To overcome the cruxes, a lot of finger strength in a full-crimp position is also needed, which I particularly enjoy!
What a joy to be back in this working process, searching for details, feeling motivated during the approach hike, falling asleep thinking about the movements,... After a few sessions, significant progress is felt: I can tackle long sections of the route. And on the last day of these two weeks working on the route (about 7 sessions), during a very intense attempt, I manage to get through the first crux done from the ground. Completely pumped, I end up falling in the second crux... Not enough endurance this time, I'll have to come back in better shape!

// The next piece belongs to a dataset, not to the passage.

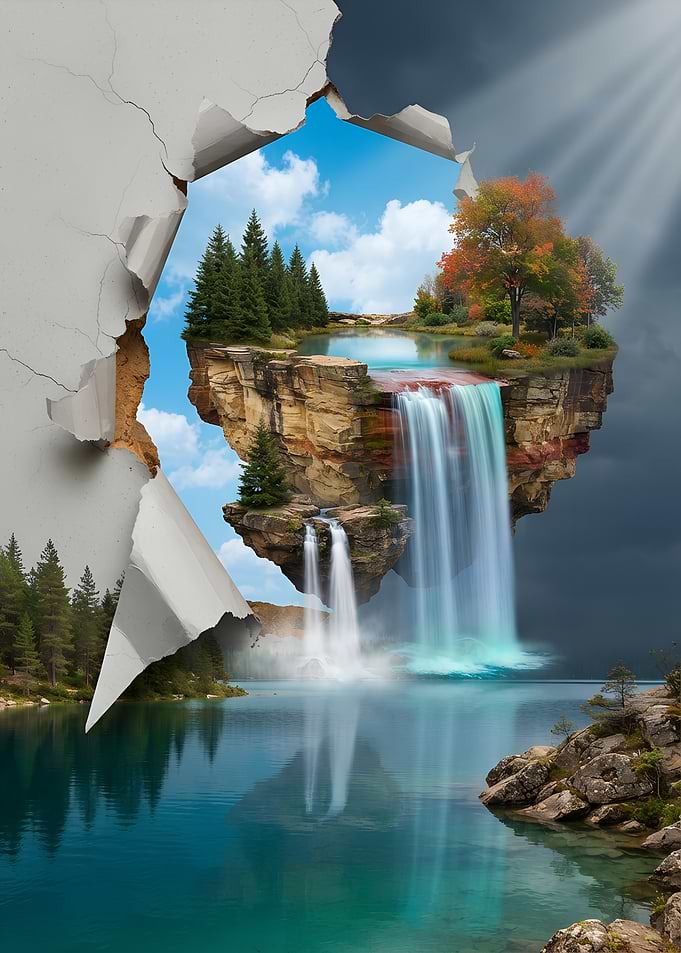 Floating Island Waterfall Surreal Landscape Nature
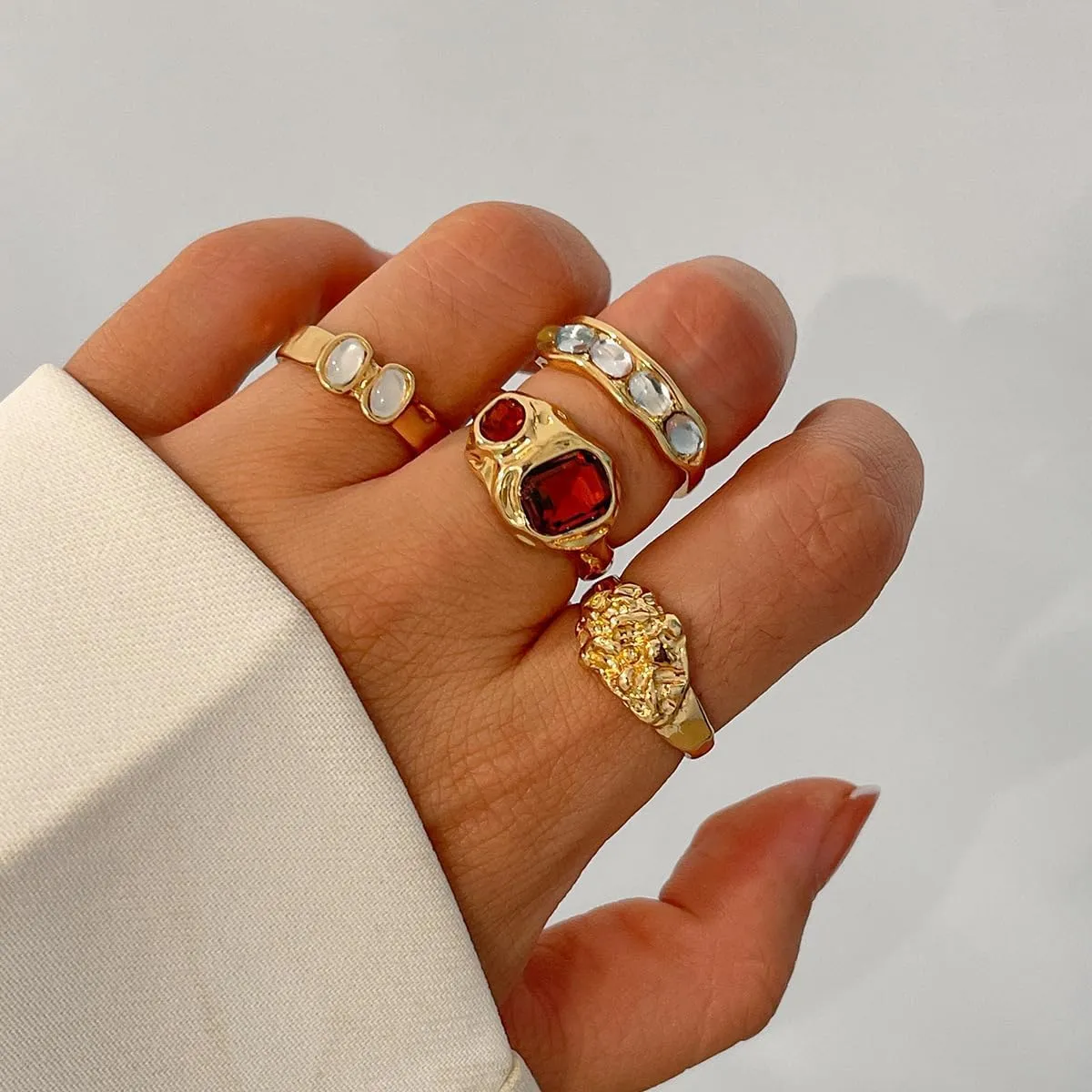 Chunky Gold Rings for Women Adjustable Dainty Rings for Women Bold Thick Statement Stackable Thin Band Silver Gold Plated Jewelry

It's a month later, in the heart of winter, that I finally have the chance to take revenge on the route. I only have a few days before Christmas to celebrate and fulfill my social and family duties. I'll have to be strong and efficient to complete it in such a short time. However, my first attempt on the route is very promising: I feel much stronger than during my last visit! I breeze through the cruxes with disconcerting ease! It's so pleasant to feel progress in a route. The sensation of progress is almost as exhilarating as completing a project. It's one of the things I love about climbing; you don't know why or how, but suddenly you can execute movements with a certain ease when you could barely hold the positions at the beginning of the process. On my second session of this second stay, I reach the top, falling on the last move of the crux in an astonishing effort. Ah, it feels good! I've got this route; all I have to do is keep trying and stay focused, and one of these days, I'll catch that hold! In the next three sessions, I continue to fall, attempt after attempt in this formidable section. I feel better and better, but each time a small mistake leaves me hanging, penitent, in the harness.
Last day... Tomorrow I'll have to leave! I know I can overcome it, but the previous sessions have worn me out... My skin is in pain, the back of my thighs is irritated from the kneepads, I feel my muscles sore from the preceding days. It's going to be a battle. I give my first attempt and fail again in this tough section.
For my second try, I don't really dare to believe anymore... I think I might have to come back next January. But might as well give it a full try one last time... I breeze through the start of the route, I'm precise and climbing quickly! I get through the first crux in pain. As I reach the rest, I feel my thumb slip on this left tufa. A quick glance confirms what I feared: I have a nice cut on the skin, and blood is running down my forearm. Damn. I try to dry the blood with chalk as best as I can; it doesn't work entirely. Well, it's okay, I'll have to deal with it... I resume climbing from this precarious resting position on a kneebar with the firm intention to settle it. I don't think anymore. I'm in the moment. I let my body do the rest. Now I'm in this second crux: I eagerly crimp that little undercling, place my dropknee, and give it everything I have!
In a big struggle, I finally manage to grab that slippery tufa marking the end of the challenging part of the route. After that, it's essential to stay focused... No more room for failure now! Normally, it's much easier; there's about a 7c equivalent left, a rodeo-style climb straddling a large tufa! But with the stress and fatigue of the session, I feel the pump building up in my forearms. But now is not the time to let it go! I pull on my heels, use knees, release my arms as much as possible. Just a few more meters! There it is, I've just executed the last hard move... I can enjoy the final moves and clip the anchor, with a shout of joy, achieving my third 9a+! About 13 sessions were needed to finish this route.
To be continued, for the exit through “ACL” and its 9b… Let’s come back in January!